Thus, both the CUSTOMER and CHCKACCT segments are returned. The new SAS data
set contains three variables: CHECK_AMOUNT (from the CHCKACCT segment), ZIPRANGE
(created from the CUSTZIP value in the CUSTOMER segment), and BALRANGE (created
from the BALANCE variable).
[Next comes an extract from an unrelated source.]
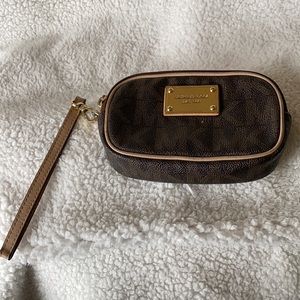 Michael Kors Wristlet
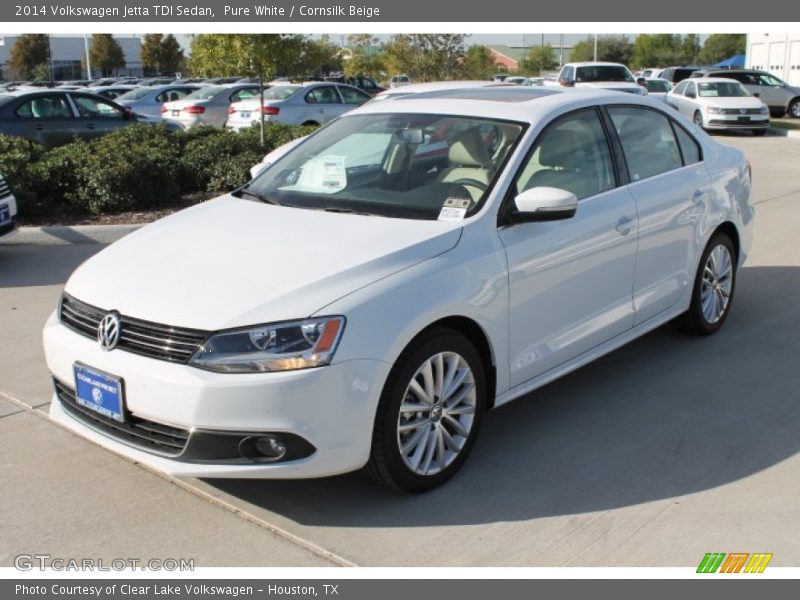 Pure White / Cornsilk Beige 2014 Volkswagen Jetta TDI Sedan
The distribution information is produced by the
TABULATE procedure from the DISTRIBC data set.
The numbered comments following this program correspond
to the numbered statements in the program:
1 data distribc;
2 length ziprange $11;
3 keep ziprange
check_amount
balrange;
4 retain ssa1 'CUSTOMER*D '
ssa2 'CHCKACCT ';
5 infile acctsam dli ssa=(ssa1,ssa2) status=st
pcbno=3;
6 input @162 zip_code $char10.
@238 check_amount pd5.2;
7 if st ¬= ' ' and
st ¬= 'CC' and
st ¬= 'GA' and
st ¬= 'GK' then
8 if st = 'GE' then
do;
_error_ = 0;
stop;
end;
9 else
do;
file log;
put _all_;
10 abort;
end;
11 balrange=check_amount;
12 ziprange=substr(zip_code,1,4)
||'0-'||substr(zip_code,1,4)||'9';
title 'Checking Account Balance Distribution
By ZIP Code';
13 proc format;
value balrang
low-249.99 = 'under $250'
250.00-1000.00 = '$250 - $1000'
1000.01-high = 'over $1000';
14 proc tabulate data=distribc;
class ziprange balrange;
var check_amount;
label balrange='balance range';
label ziprange='ZIP code range';
format ziprange $char11. balrange balrang.;
keylabel sum= '$ total' mean ='$ average'
n='# of accounts';
table ziprange*(balrange all),
check_amount*(sum*f=14.2 mean*f=10.2 n*f=4);
run;
|
The DATA statement specifies DISTRIBC
as the name of the SAS data set created by this DATA step. |
|
The length of the new variable ZIPRANGE
is set. |
|
The new data set will contain only
the three variables specified in the KEEP statement. |
|
The RETAIN statement specifies values
for the two SSA variables, SSA1 and SSA2. SSA1 is an unqualified SSA for the
CUSTOMER segment with the command code for a path call, *D. This command code
means that the CUSTOMER segment is returned along with the CHCKACCT segment
that is its child. SSA2 is an unqualified SSA for the CHCKACCT segment. Without
the *D command code in SSA1, only the target segment, CHCKACCT, would be returned.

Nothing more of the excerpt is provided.